How long does the Spain NLV take in 2026?
Consulate processing typically runs 1–3 months from your appointment. Spain's consulates have generally been faster than Italy's or Portugal's. After arrival you have 30 days to apply for the TIE (foreigner identity card) at your local police station, which takes another 30–60 days for the physical card. Plan for 3–6 months total from application to card-in-hand.
Does the NLV lead to Spanish citizenship?

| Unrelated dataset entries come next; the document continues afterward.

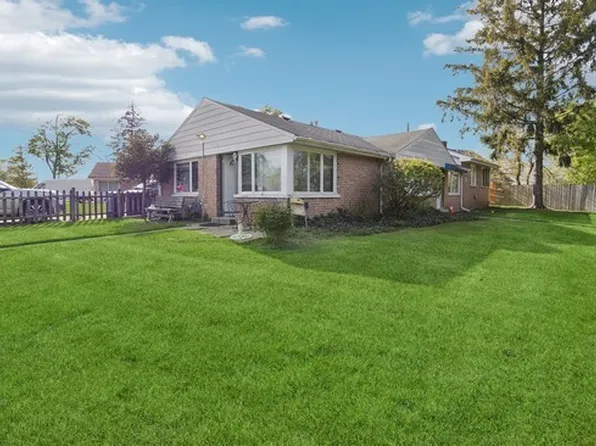 2104 S River Rd, Des Plaines, IL 60018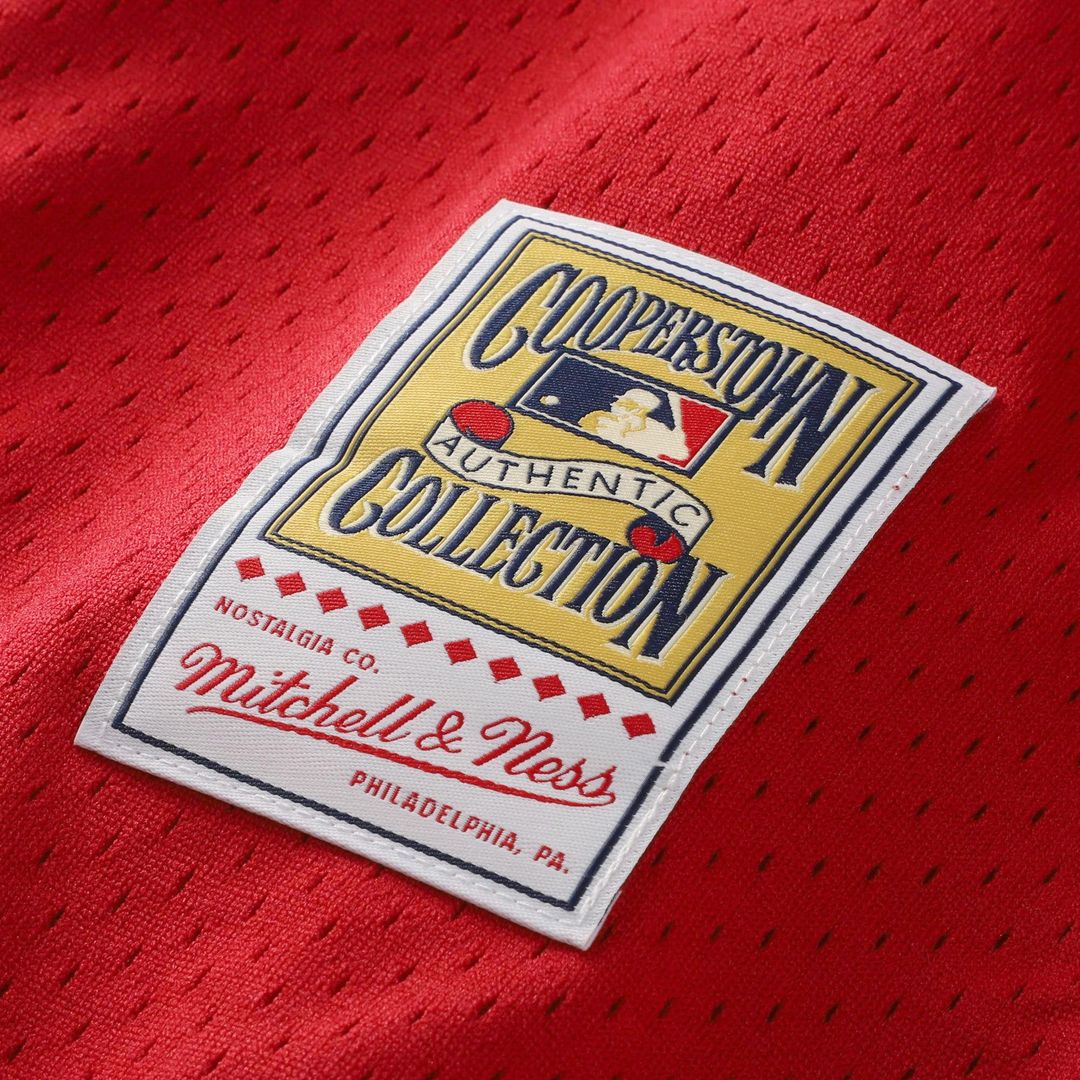 Men's Cincinnati Reds Barry Larkin Mitchell & Ness Red Throwback Cooperstown Mesh Batting Practice Jersey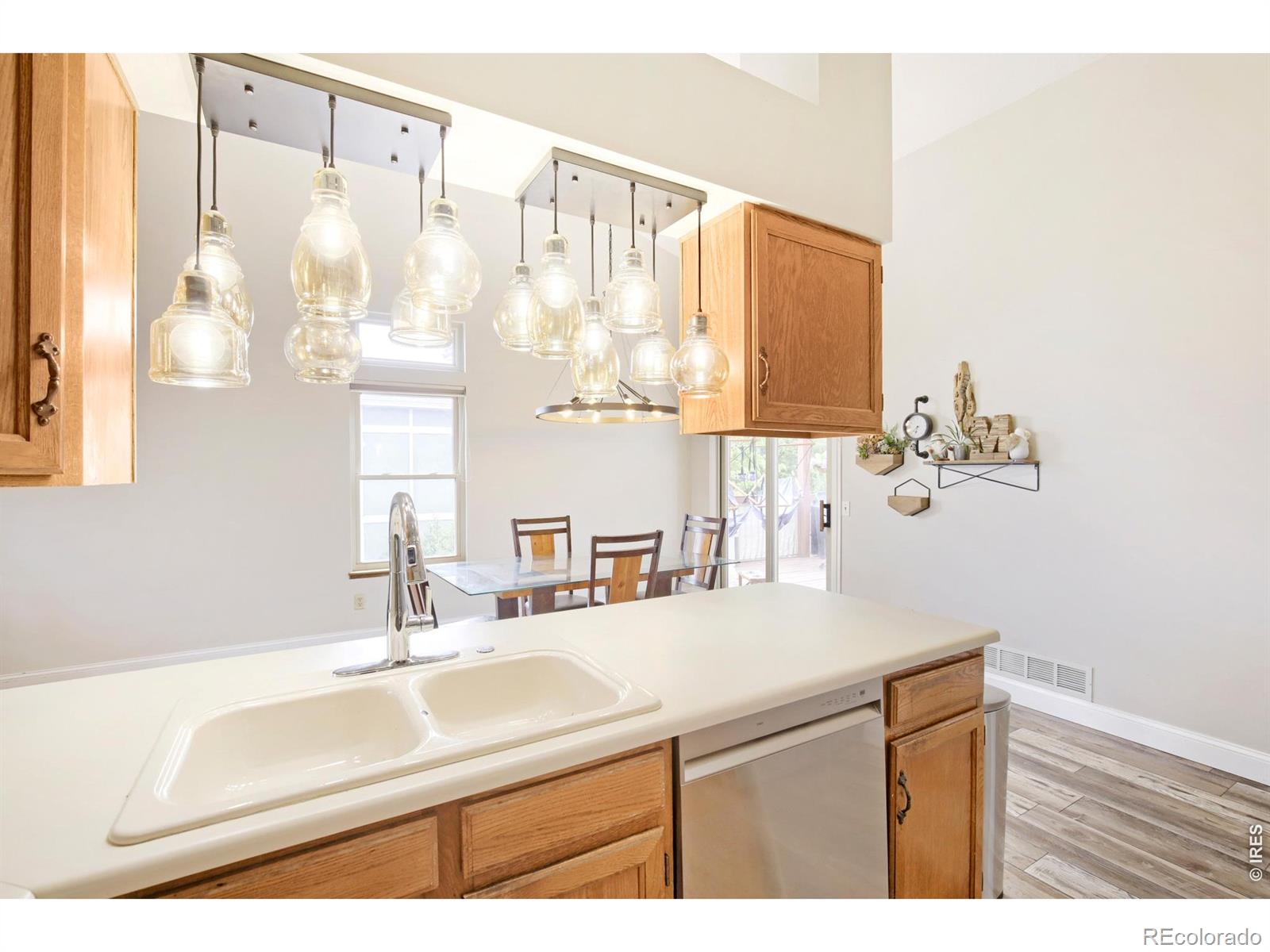 MLS Image #10 for 4962 w 7th street,greeley, Colorado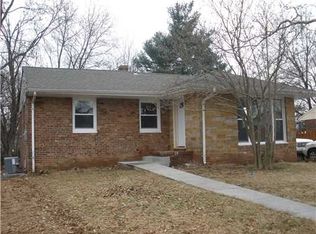 15 Roger Rd, Edison, NJ 08817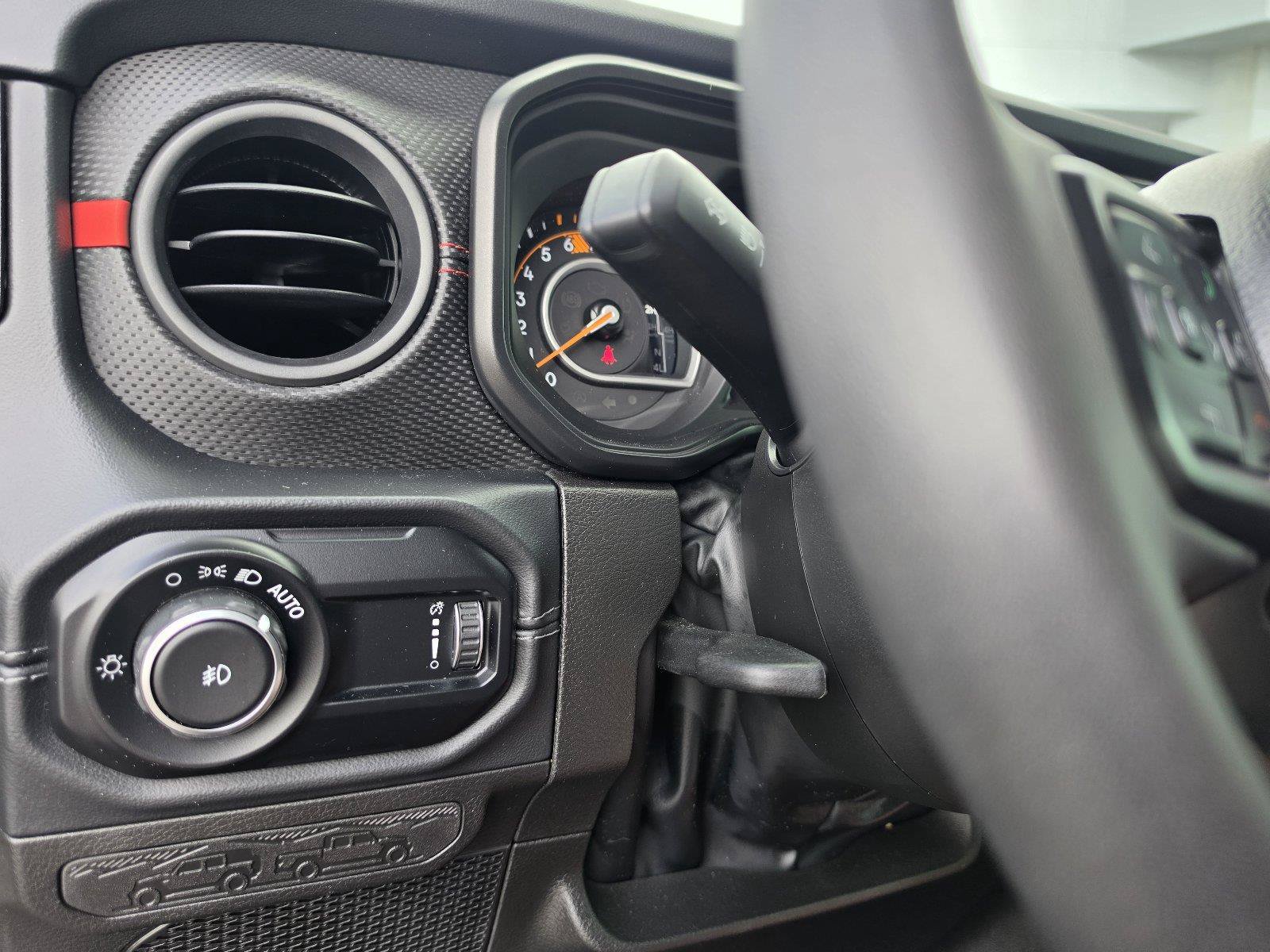 Used 2024 Jeep Wrangler Unlimited Rubicon AWD/4WD image 23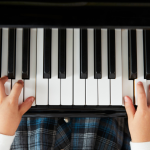 Hebron Costa Cruz de Oliveira explica como o piano combina harmonia, melodia e ritmo, sendo um dos instrumentos mais completos da música.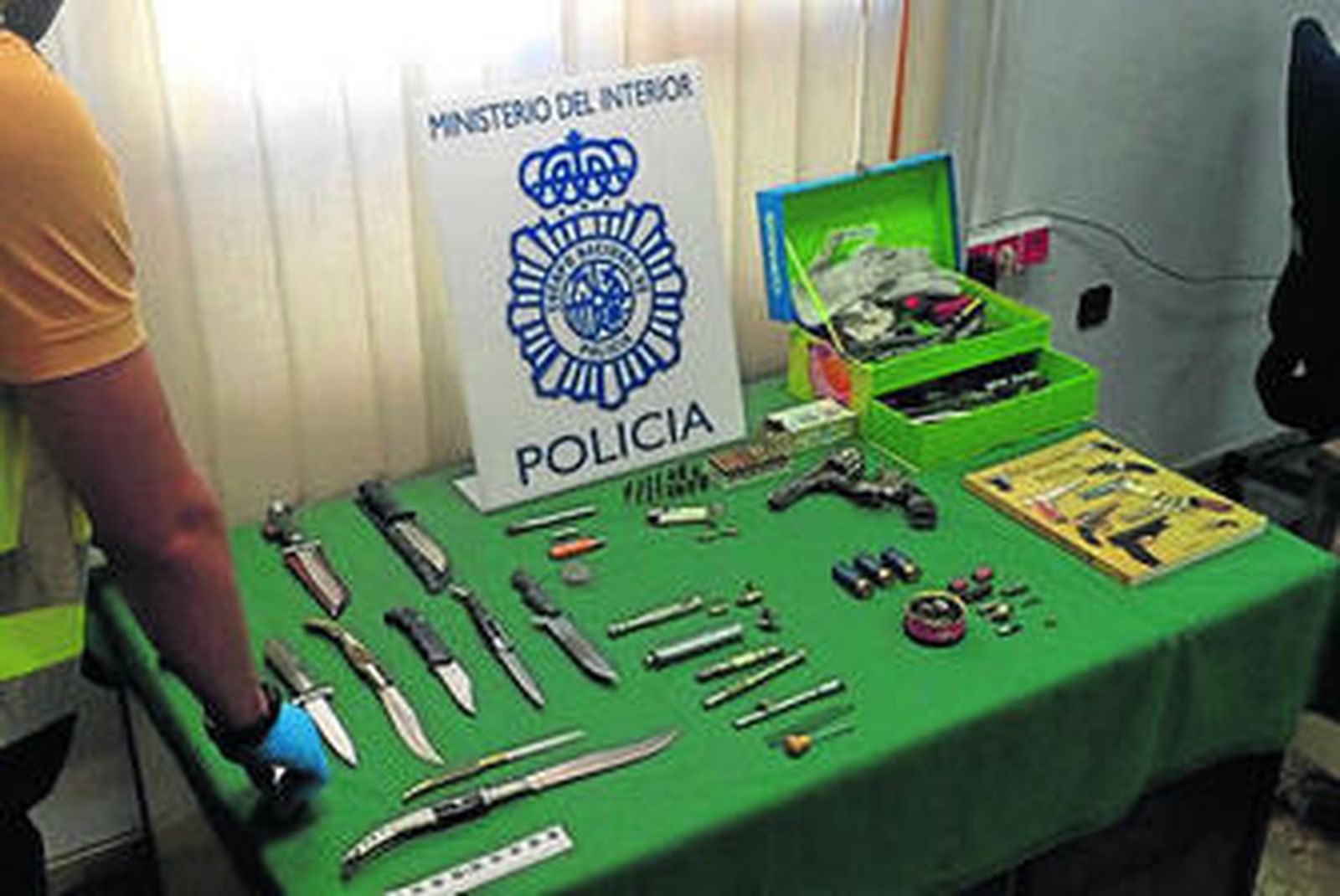 Los objetos intervenidos por la Policía Nacional.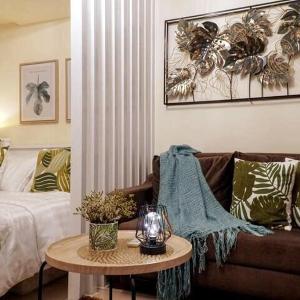 An Oasis in Tagaytay Deluxe Room A: Lush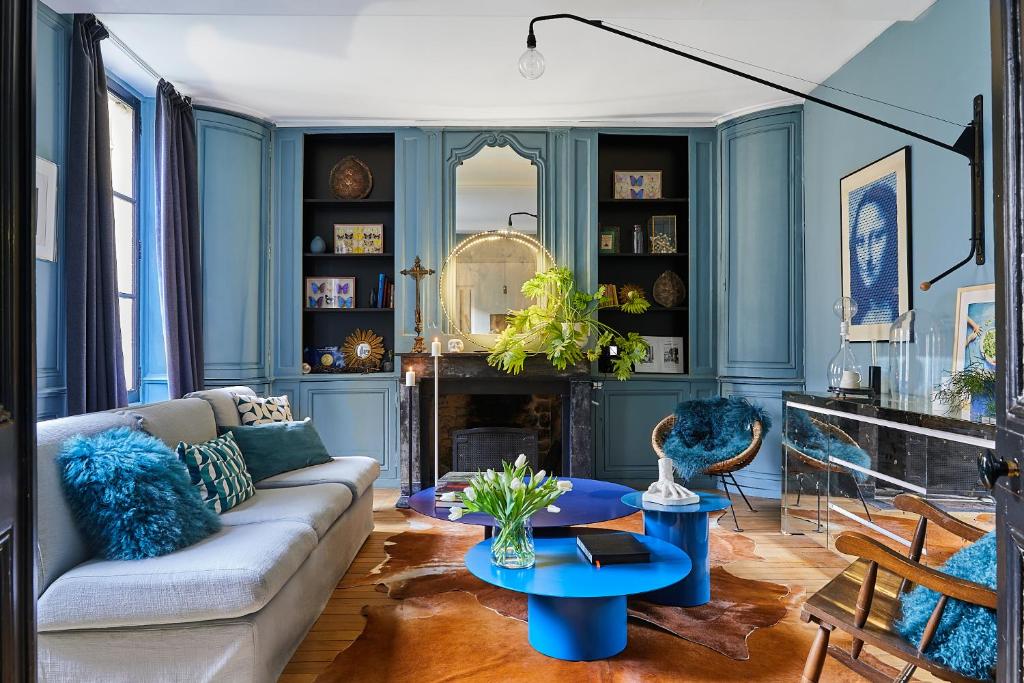 a living room with a couch and a table at Chez Laurence Du Tilly in Caen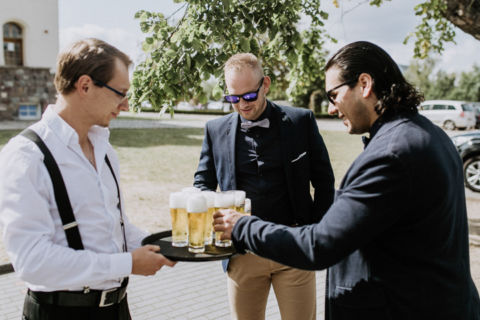 Hochzeitsfotograf Berlin: Hochzeitsgäste genießen ein Bier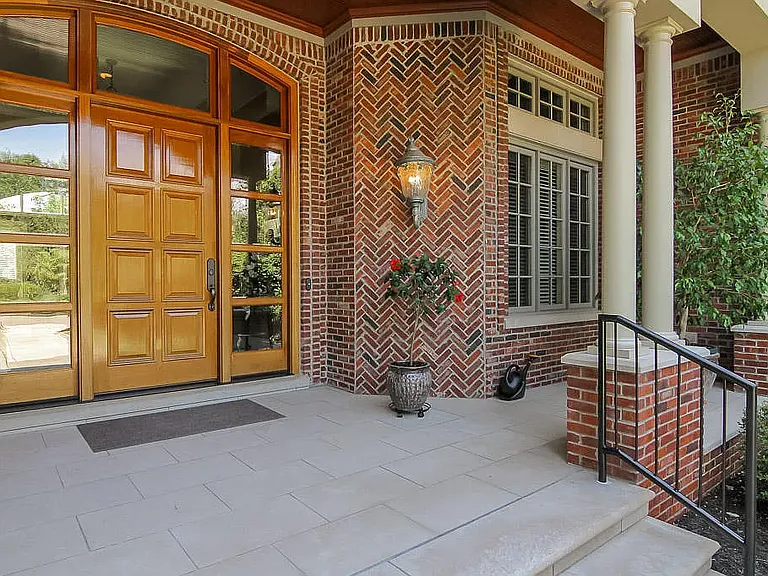 13204 Longwood Ln — Photo 47
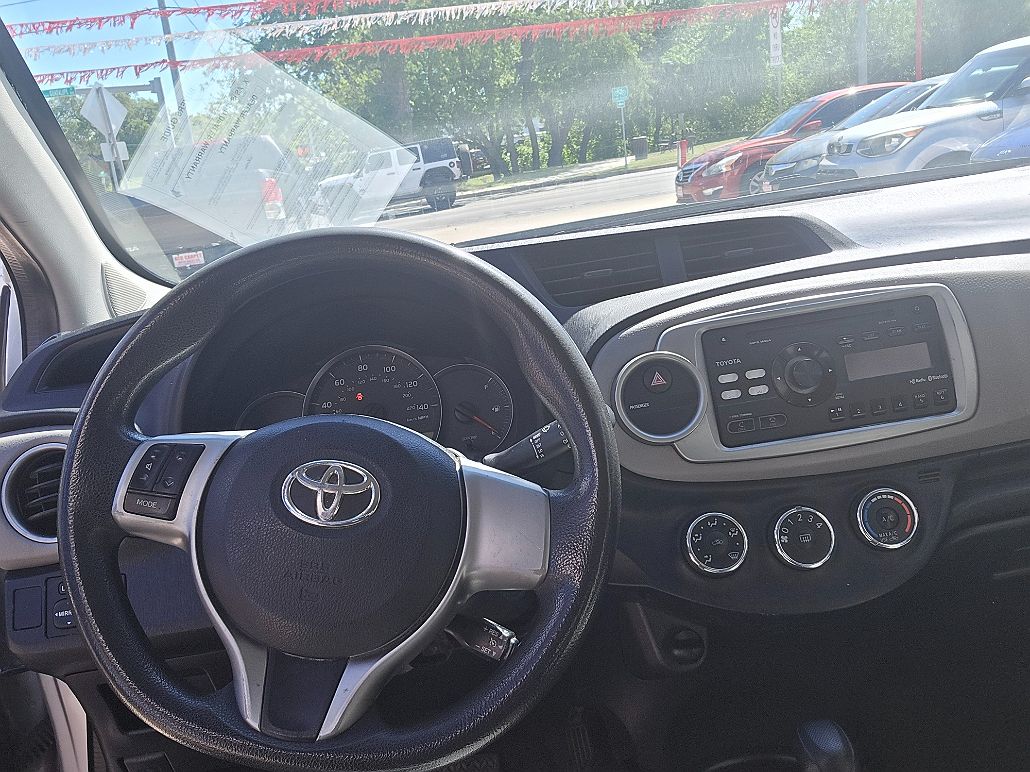 2014 Toyota Yaris L image 5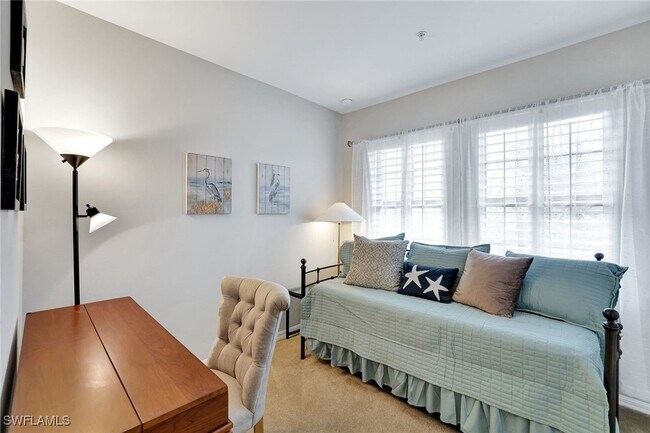 property at 1383 Artesia Dr E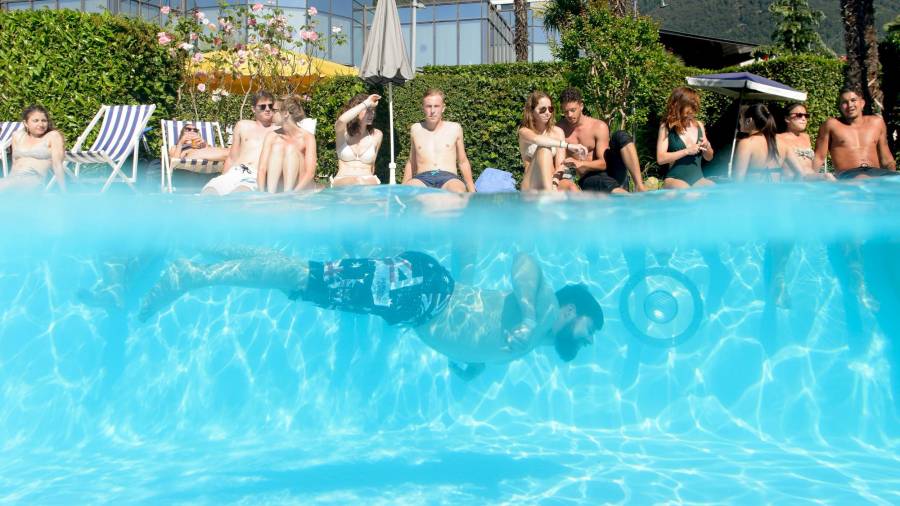 Fiesta en la piscina. Gente bailando y nadando en la piscina del casino Barriere durante el 50th Montreux Jazz Festival celebrado el 3 de julio de 2016 en Suiza. (Autor, Anthony Anex. Fuente, EFE)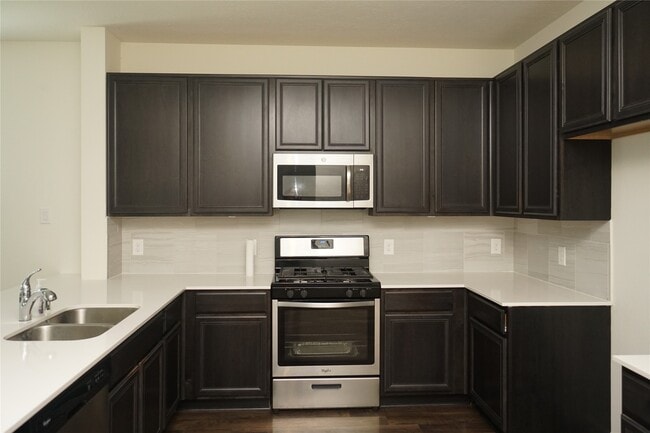 Photo - 3606 Russett Glen Ln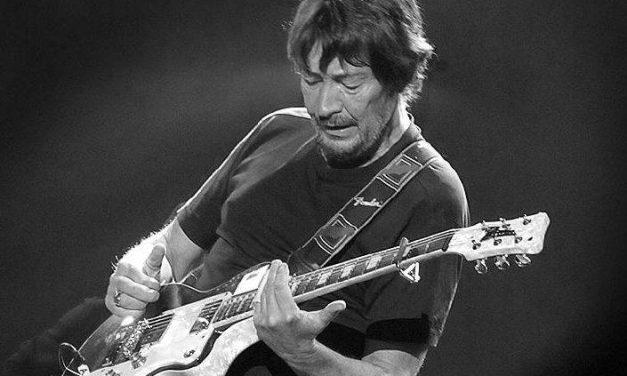 Uoči Božića preminuo autor božićnog hita “Driving Home for Christmas”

Yes, after 10 years of legal residency for most Americans. Citizens of Latin American countries, the Philippines, Equatorial Guinea, Portugal, Andorra, and Sephardic descendants qualify after 2 years. The NLV path: 1-year initial card → 2-year renewals (twice) → 2-year final renewal → eligible to apply for long-term residency at year 5 or citizenship at year 10. Spanish citizenship requires renunciation of US citizenship in theory; in practice, the US does not recognize this renunciation and most Americans keep both passports.
Should I apply for the NLV or the DNV?
If you can work remotely and earn enough, the DNV is almost always better — lower income threshold (~€2,650/month vs. NLV's €2,400/month equivalent), access to the Beckham Law (24% flat tax for up to 6 years), explicit remote-work permission, and an in-Spain UGE application route that's dramatically faster. The NLV is for genuine retirees and self-funded movers who don't need to work and can show large passive income.